Airline Pilot: Schedules & Pay

Once someone decides they want to be a professional pilot, they often ask me about my schedule.  How often do I work? How long am I away from home? What is an airline pilot schedule like?

The easy answer... There is no answer!

Schedules...

The schedules at the airline not only differ from person to person, but company to company. Passenger airline pilot's often have a similar way in which their schedules work, and cargo airline pilots have another.  I do not know too much about cargo other than many of them work 14-16 days on, then 14-16 days off.  Yes, 14-16 days straight, away from home.

For passenger airline pilots (I am going to use what I know, mostly based on my company which works like most), our schedule does not work like that.  We have federal laws that require us to have so much rest in a given day, week, month, year.  These rules don't apply (mostly) to cargo operators.

Each month on the 15th, a "bid package" comes out (see picture one below).  This package has rows, called lines.  Each line is a pilot schedule.  It says how much flying on a given day, where the flying is to, what location for the overnight, what days you have off.  You spend the next few days going through each line and putting them in order of most desired to least desired.  

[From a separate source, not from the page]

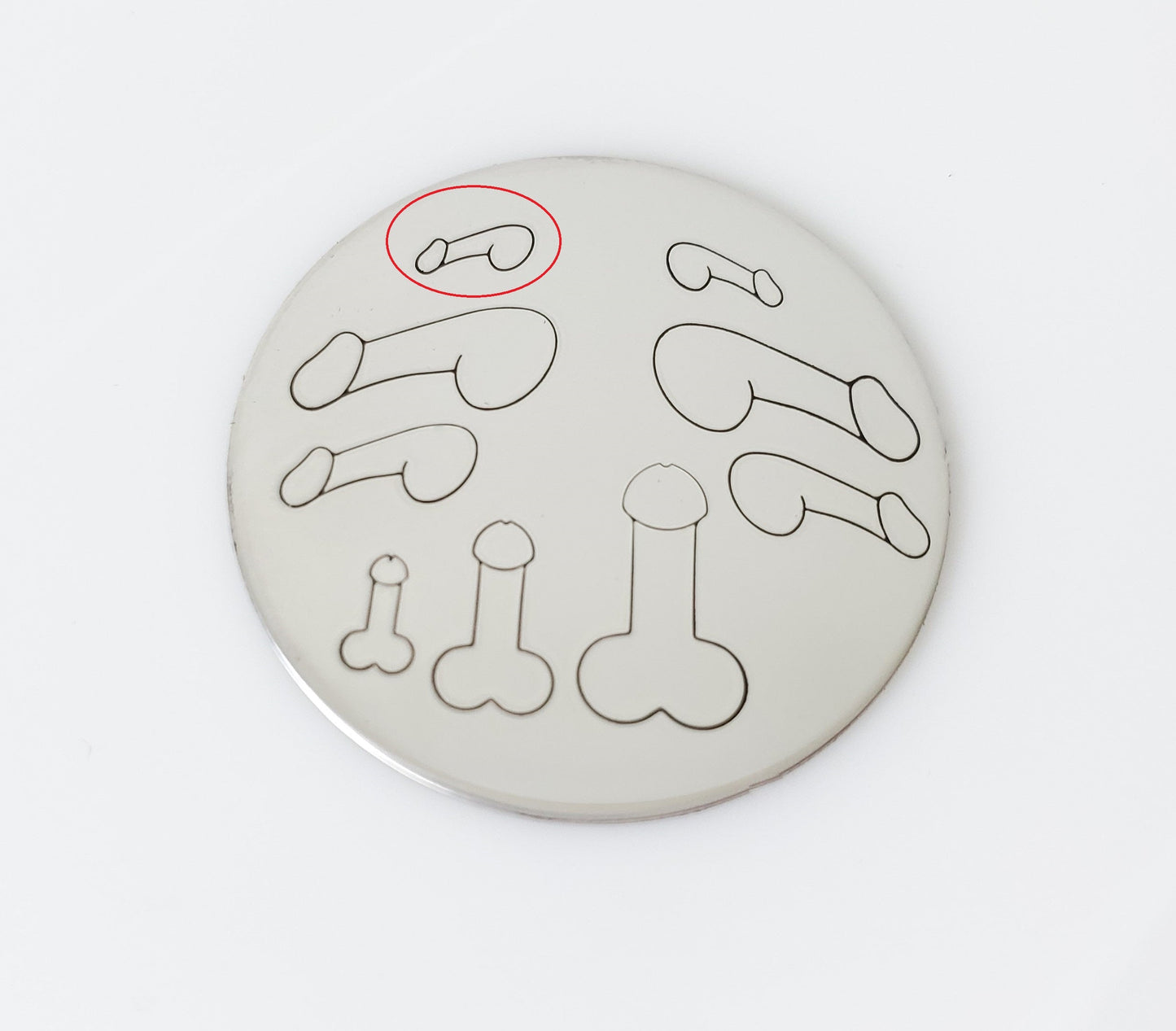 Penis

There are programs out there that you can add preferences to such as "most flying hours," "minimum nights away from base," "most weekends off," etc.  These programs will automatically sort through the 100+ lines to put them in the order you want. (see picture two below)


Before the 20th of the month, you go into the system and put your "bid" of which lines you want in what order.  On the 20th when the bid closes, the schedulers start with the most senior pilot at the airline (been there the longest) and give them what they wants.  They move to the next person and give them what they want, as long as it is not what the pilots in front of them already were given. The most senior pilots normally get their top few choices, whereas the most junior get what's left.

A few days later, an automated "swaps" period opens.  You have twenty-four hours to go in and trade things from your schedule with someone from theres.  Many pilots use this to get days off they to avoid using vacation time, or they pick up trips worth more money.  We have a few pilots that live internationally and come in just for work.  They will use this period to stack their schedule for the first two weeks of the month, and then go home the last few weeks of the month.

A few days after that automated period, a forty-eight hour window opens to request Open Time (OT) trips.  These are trips that are not on anyones schedule that still needs a pilot.  You submit the request and then when the period closes, schedulers go through and award OT in seniority order.  This is additional flying, which some pilots will pick up if they had to drop something off their month to get certain days off- to avoid losing any income that month.

For me, I traditionally work a five days on-three off-four on-two off-repeat.  When I get trips, they are traditionally 3-4 days long.  Our trips are no longer than four days, unless you picked up OT and combined it with flying you are already doing.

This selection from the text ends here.